• [Exercise prompt]
In duplicating the lines below, keep every word unchanged and drop the pictures.

───── Data provided

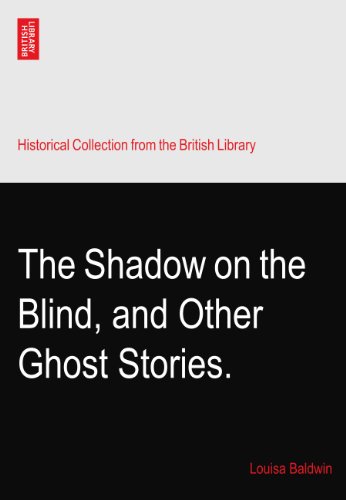 The Shadow on the Blind, and Other Ghost Stories.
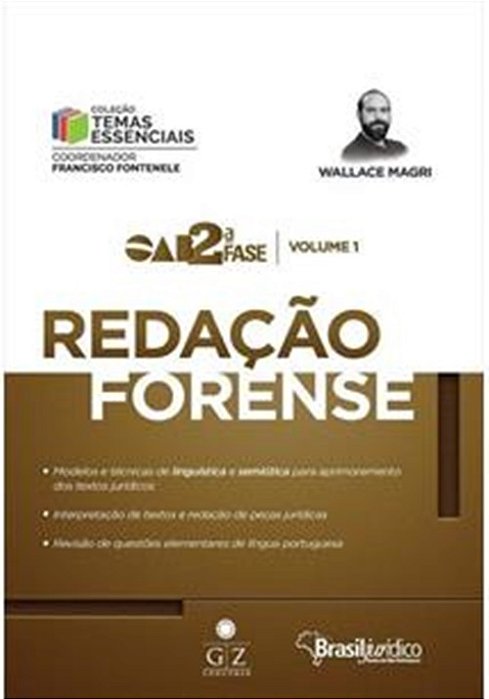 Redação Forense - Oab 2ª Fase - Coleção Temas Essenciais - Volume 1..-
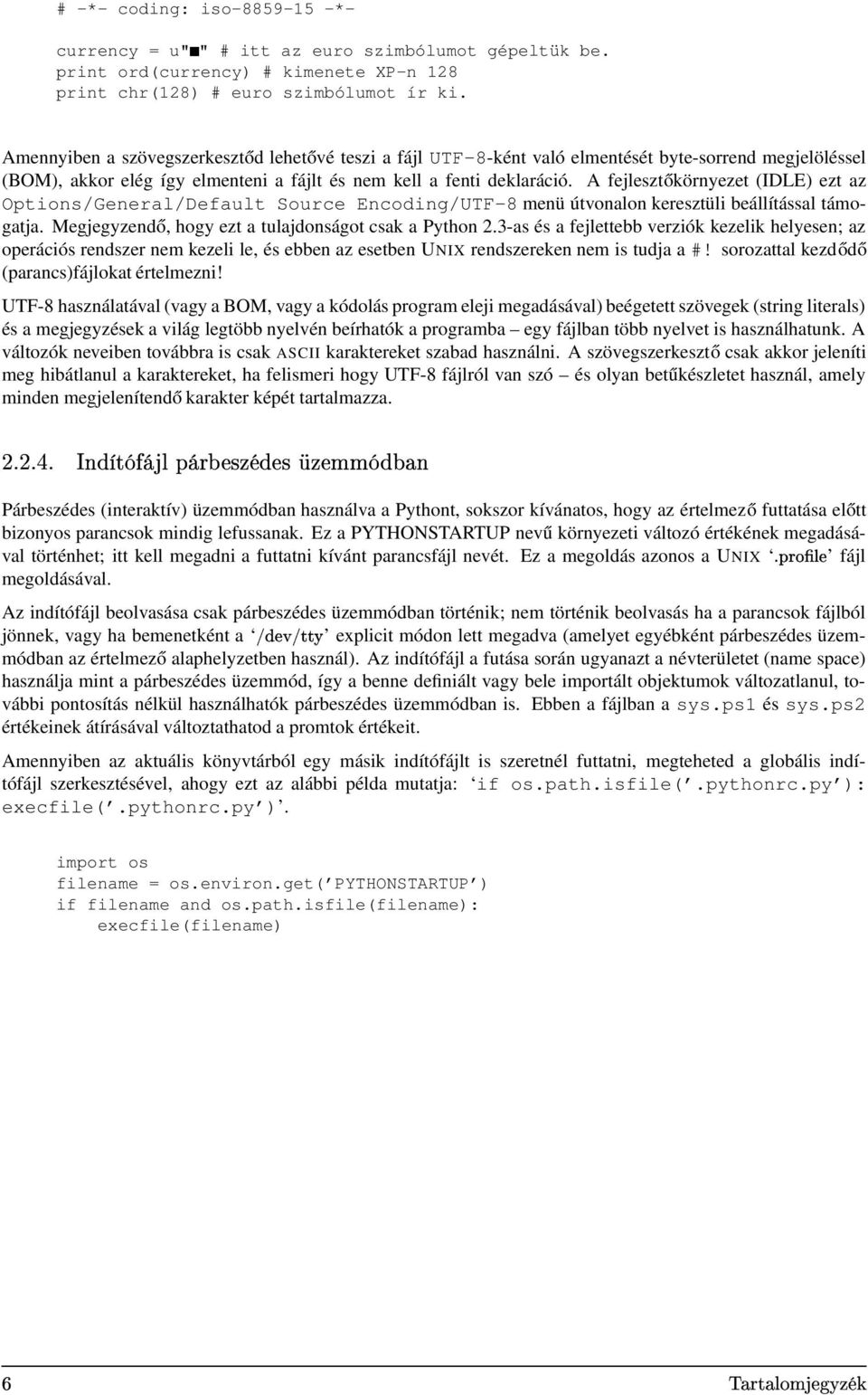 A fejlesztőkörnyezet (IDLE) ezt az Options/General/Default Source Encoding/UTF-8 menü útvonalon keresztüli beállítással támogatja. Megjegyzendő, hogy ezt a tulajdonságot csak a Python 2.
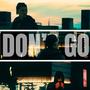 Don't Go (Explicit)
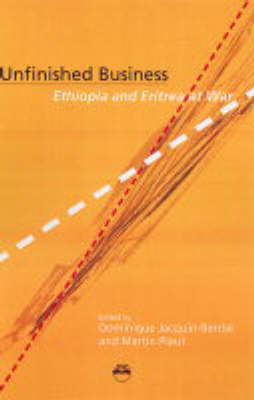 Unfinished Business: Ethiopa and Eritrea at War (Paperback)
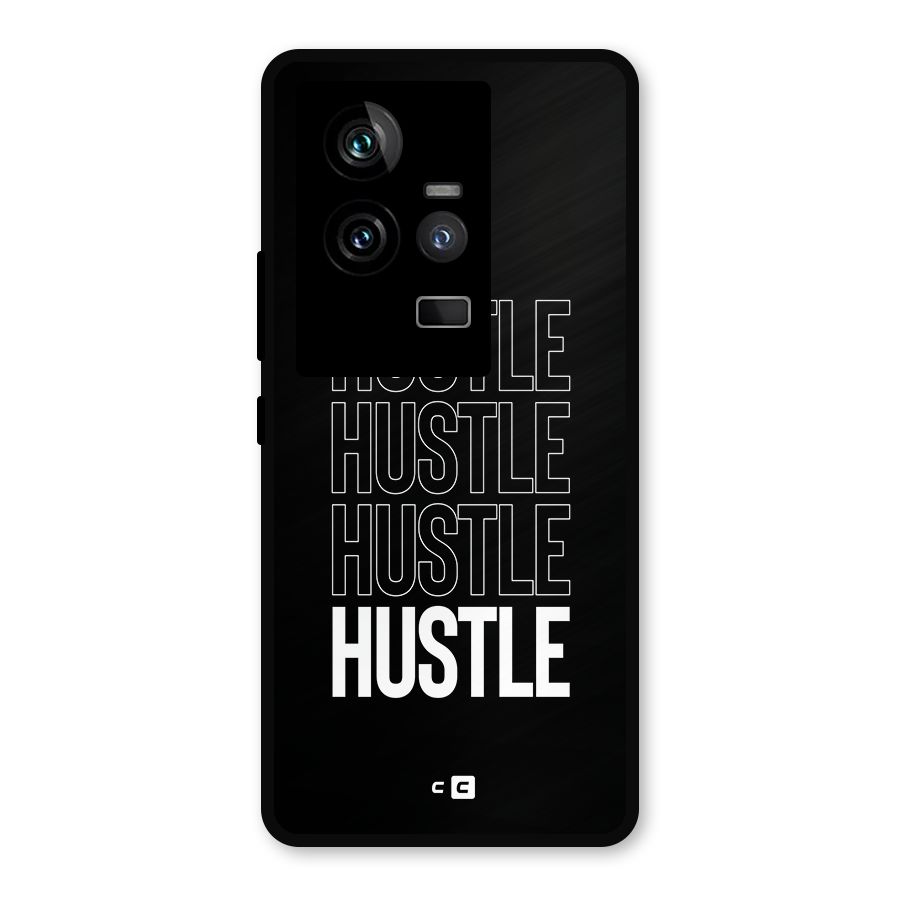 Hustle Hustle Hustle Metal Back Case for iQOO 11 5G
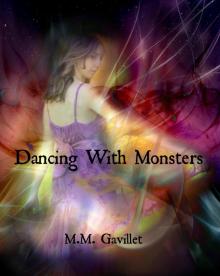      Dancing With Monsters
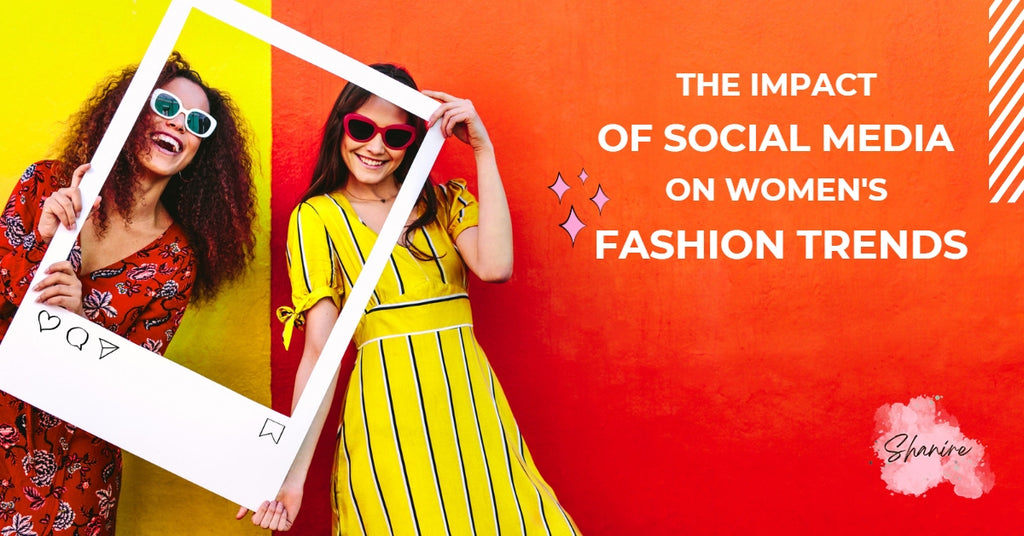 The Impact of Social Media on Women's Fashion Trends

──────────

• [Written answer]
 The Shadow on the Blind, and Other Ghost Stories.
 Redação Forense - Oab 2ª Fase - Coleção Temas Essenciais - Volume 1..-
 A fejlesztőkörnyezet (IDLE) ezt az Options/General/Default Source Encoding/UTF-8 menü útvonalon keresztüli beállítással támogatja. Megjegyzendő, hogy ezt a tulajdonságot csak a Python 2.
 Don't Go (Explicit)
 Unfinished Business: Ethiopa and Eritrea at War (Paperback)
 Hustle Hustle Hustle Metal Back Case for iQOO 11 5G
      Dancing With Monsters
 The Impact of Social Media on Women's Fashion Trends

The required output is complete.